3. Keep them fed and hydrated!
Taking your kids on adventures is one of the best parts about being a parent, but adventures can be tiring! Make sure to bring plenty of snacks and water that will last throughout your hike (and maybe even after). Keeping your kids fed and hydrated will help them maintain their energy levels and their fun. Do not underestimate the importance of snacks!
Hiking in Hawaii can conjure up some unique weather. It might start off a little chilly in the morning, but by the end your kids might be wanting to run around in their underwear! Be prepared for all scenarios, and consider dressing your keiki in our coveralls, as they are lightweight but long sleeved and can protect them from bugs. Remember to dress in layers, bring bug spray for when you’re hiking in those damp, forested areas, and always, always apply sunscreen!
Even if you choose the most kid-friendly, accessible hike you can find, hiking still poses possible dangers. When hiking in Hawaii, you may encounter loose rocks, slippery mud, and heights. Remember to keep in mind the weather forecast, especially if you’re hiking areas where you have to cross streams or encounter waterfalls. Some areas are prone to heavy rain, or even flash flooding, so make sure you always take these extra precautions and are mindful of the weather. While this may sound scary, if you ensure that you keep your kids close by and that they understand the possible dangers, you can still have a great experience!
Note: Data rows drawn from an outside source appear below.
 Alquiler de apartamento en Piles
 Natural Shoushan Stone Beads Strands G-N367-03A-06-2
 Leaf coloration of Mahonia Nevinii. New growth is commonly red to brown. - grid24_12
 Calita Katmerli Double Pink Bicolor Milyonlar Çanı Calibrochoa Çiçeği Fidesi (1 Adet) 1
You and your ‘ohana are ready to begin their hike! You’ve prepared all you’ve needed to and everyone feels good and ready to go. To maximize your kids’ experience, let them go at their own pace. Oftentimes as adults, we’re focused on getting to the end of the hike and ploughing ahead. But for kids, they often want to look under rocks, climb trees, and generally meander about. Allowing them to enjoy the nature around them and explore a little bit is one of the best parts about hiking.
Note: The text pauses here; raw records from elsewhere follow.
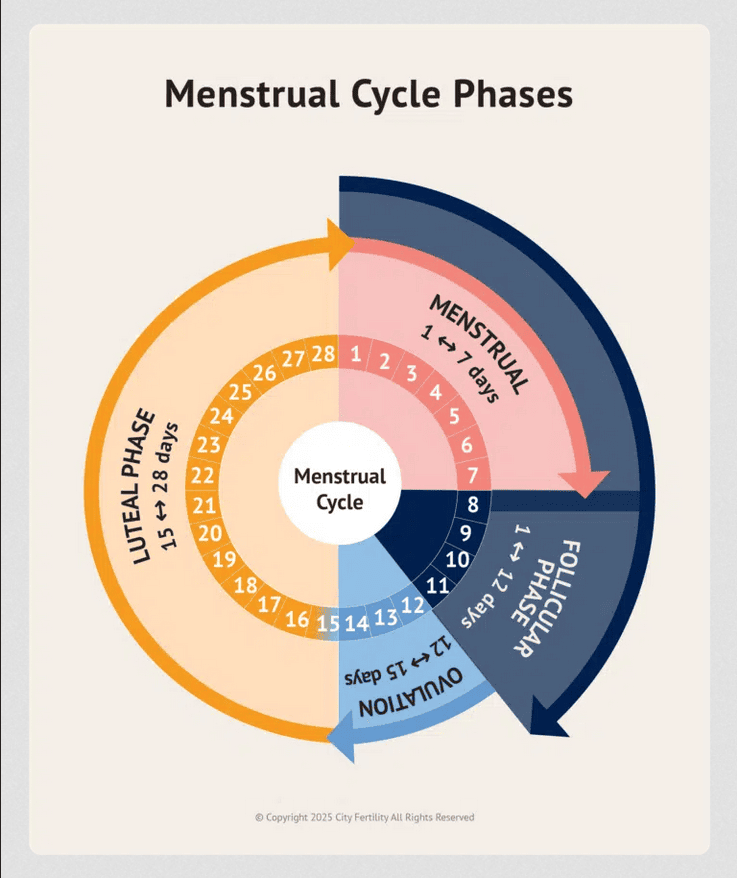 Menstrual cycle phases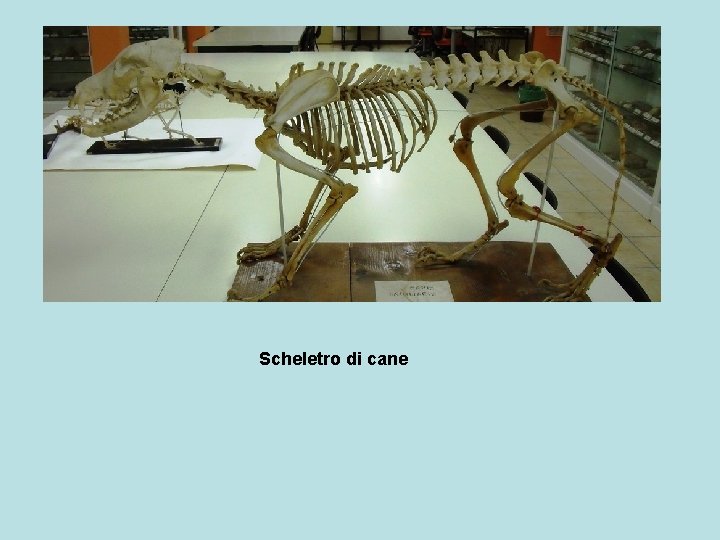 Scheletro di cane 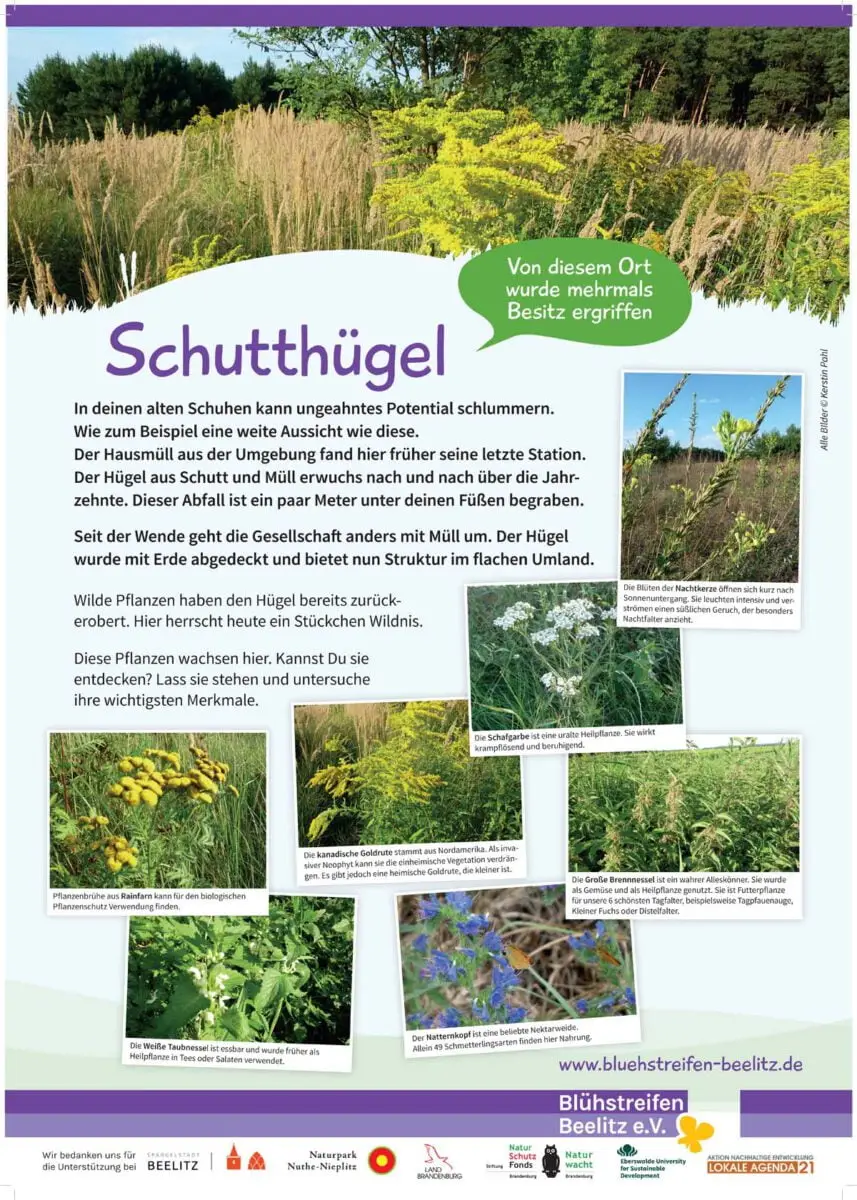 Schutthügel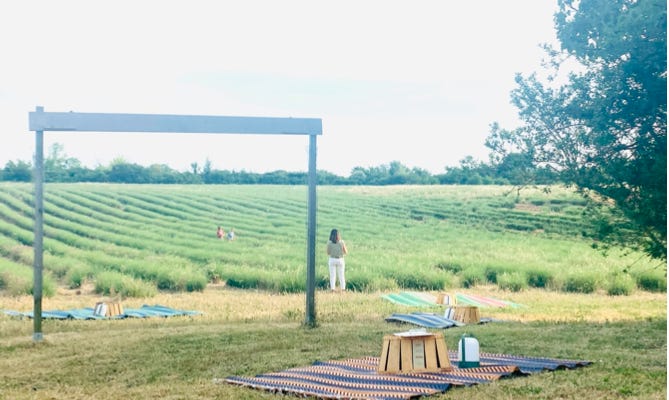 Evenings in the Vineyards: Aix Evenings in the Vineyards: Aix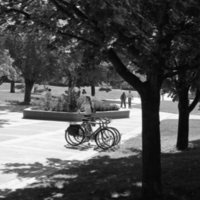 1979 Students, Outdoors 15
We hope you found these tips helpful. Hiking is an activity that you and your family can enjoy together and create fun memories for years to come. The Hawaiian islands are a unique and special place, so always remember to respect the ‘aina when you’re exploring. Keep in mind that many trailheads are through neighborhoods and near homes, so make sure you are respectful, quiet, and park only where allowed. Never go onto private property, and whatever you bring on your hike, bring it home with you, too. And always remember that when you are parked at your hike, don’t leave any valuables in the car and always make sure you lock it before you begin your adventure! If you have any other tips and tricks you find helpful when hiking in Hawaii with your keiki, let us know in the comments!
Big Island Trails:
Makalawena Beach: When adventuring to the beautiful beach of Makalawena, you’ll want to take trailhead #2 to ensure the shortest and safest route for you and your family. Once you’ve finished this short hike, you’ll arrive at one of the most beautiful beaches in Hawaii.
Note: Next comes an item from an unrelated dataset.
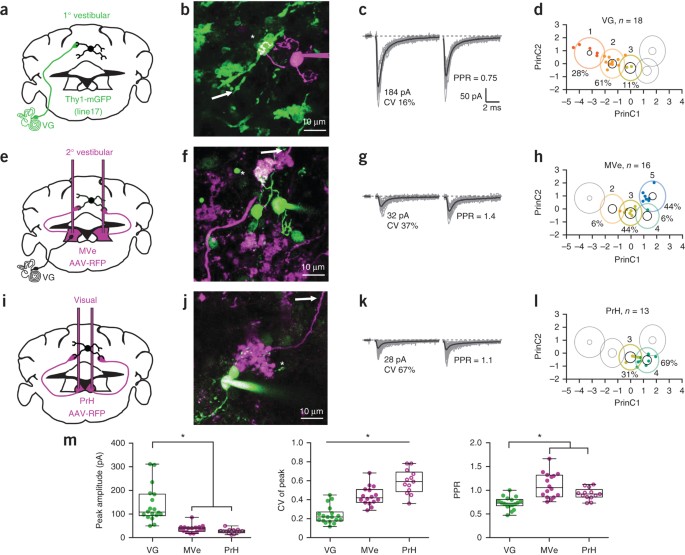 Synaptic Diversity Enables Temporal Coding Of Coincident Multisensory Inputs In Single Neurons Nature Neuroscience Synaptic Diversity Enables Temporal Coding Of Coincident Multisensory Inputs In Single Neurons Nature Neuroscience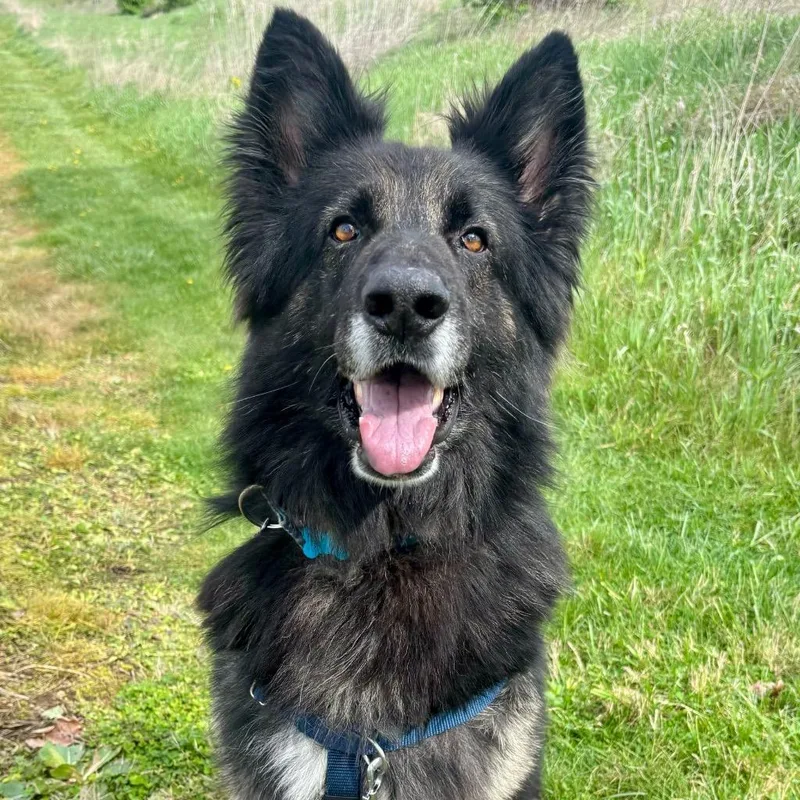 A senior medium-sized male German Shepherd Dog dog named Arlo for adoption in State College, PA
Kiholo Bay and Wainanalii Lagoon: An easy hike in one of Hawaii’s most beautiful areas. Along this trail you’ll encounter two ancient fish ponds that are filled with native fish species and you’re likely to see some sea turtles enjoying the blue waters!
Ala Kahakai National Historic Trail: This trail hike is part of a 175-mile long trail that has connected Hawaiian communities for years. This one will take you along the coast with some beautiful ocean views — but there’s no shade here, so be prepared with lots of water and sunscreen!